Downtown New York’s increasingly fancy neighborhood, the West Village, is getting fancier, meaning longstanding retailers in the area like Bleecker Street Records, Gray’s Papaya, Papaya Dog and Barnes & Noble have been pushed out.
According to a recent report by the Commercial Observer (picked up by Racked NY), skyrocketing rents are to blame for the neighborhood’s transformation. But who’s to blame for the skyrocketing rents? Marc Jacobs, apparently.
In fact, they’re literally calling it the “Marc Jacobs Effect.” Indeed, Jacobs was one of the first fashion designers to set up shop in what was a relatively quiet, residential neighborhood. Now, there are six Marc Jacobs stores in the West Village on and around Bleecker Street, in addition to dozens of other fashion retail doors as labels like Rag & Bone, Sandro and Nars have followed suit.
So what does this mean for the future of the West Village, assuming Marc Jacobs isn’t planning to shutter his Bleecker Street mall in favor of the mega-flagship he has planned for Fifth Avenue? Wealthier companies will move in, which doesn’t only mean fancier. For instance, a Chipotle is set to replace a local coffee shop in the neighborhood. And there are rumors that a Victoria’s Secret or Dylan’s Candy Shop will replace Papaya Dog.
Retail executive Jeffrey D. Roseman calls the “Marc Jacobs Effect” both “good and bad for the neighborhood.”

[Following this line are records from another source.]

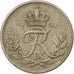 Moneta, Danimarca, Frederik IX, 10 Öre, 1950, Copenhagen, BB, Rame-nichel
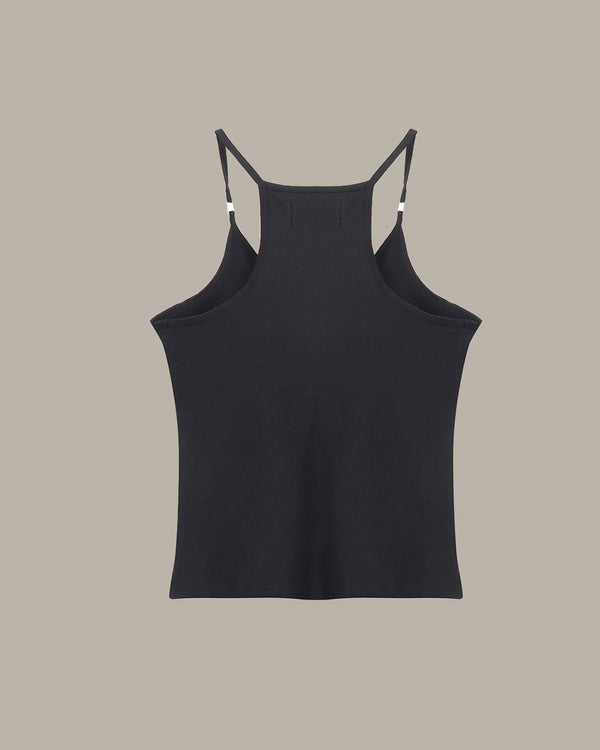 Thin Strap Detailed Tank Top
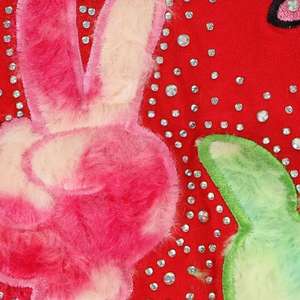 T-shirts mignons à manches longues et col rond pour femmes, Design pour filles, motif imprimé décontracté, tricoté en Spandex/coton, meilleure Collection 2022 - Product Image 2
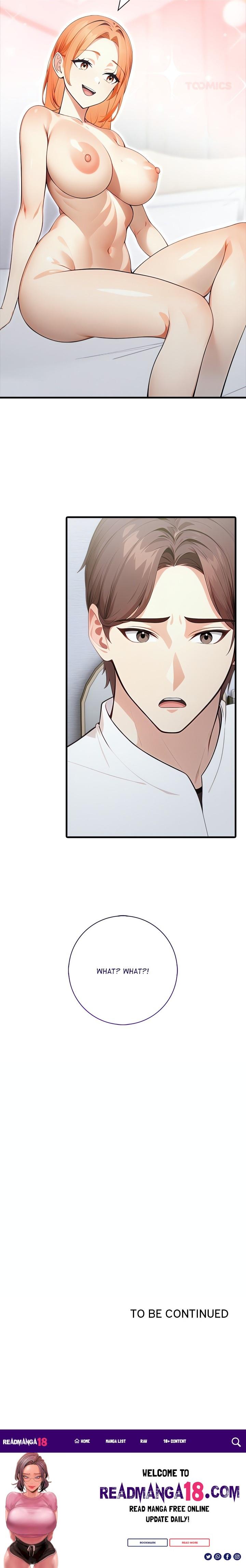 Seductive Curves Behind Closed Doors - Chapter 10 Page 18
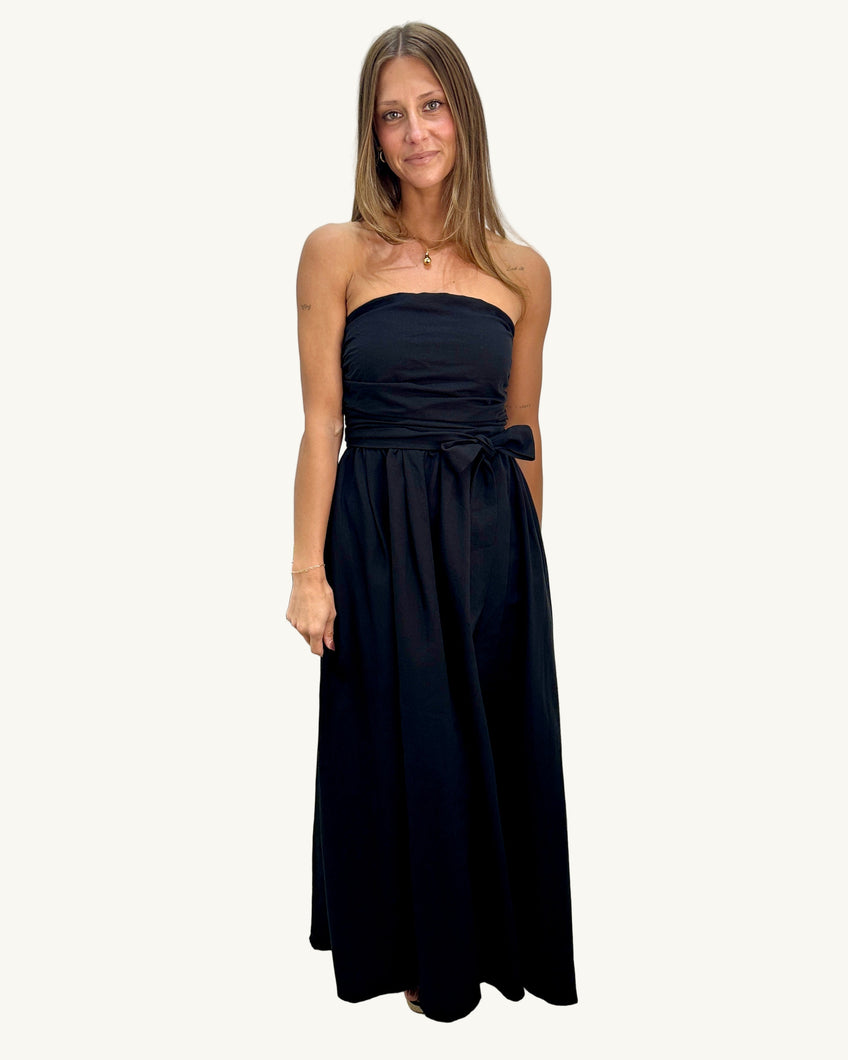 AVALON DRESS - Black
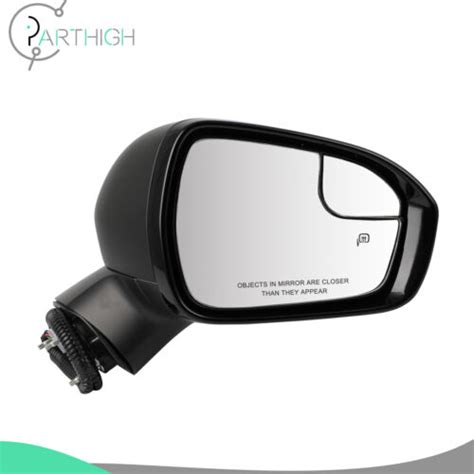 Right Passenger Side Door Mirror For 2013-2014 Ford Fusion Puddle Lamp ...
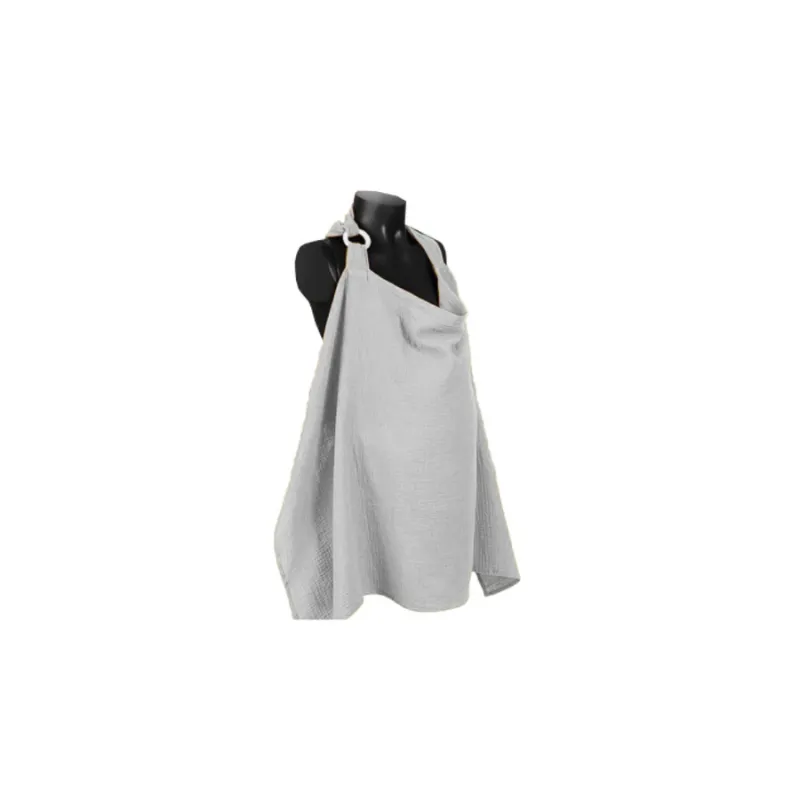 Bebe Stars Feeding Cover grey
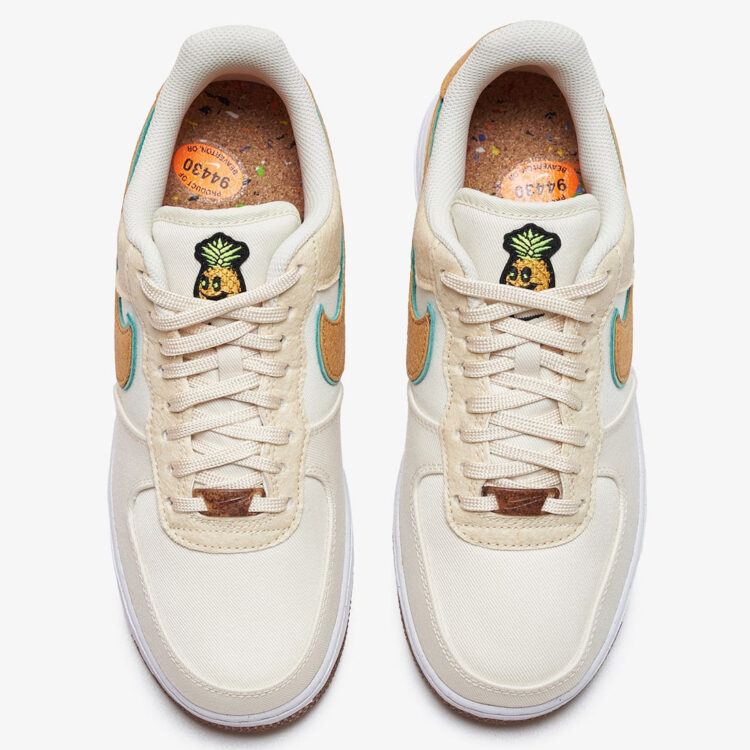 Nike Air Force 1 Low “Happy Pineapple” CZ1631-100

We find the West Village to be a much more pleasant shopping experience than, say, Broadway in SoHo, and it also lacks the “you’re not fancy enough to be here” vibe of Fifth and Madison Avenues uptown. At the same time, we get that New Yorkers hate change — and rent increases. And I have to say I’m glad I got to be an NYU student when Papaya Dog, etc. were around.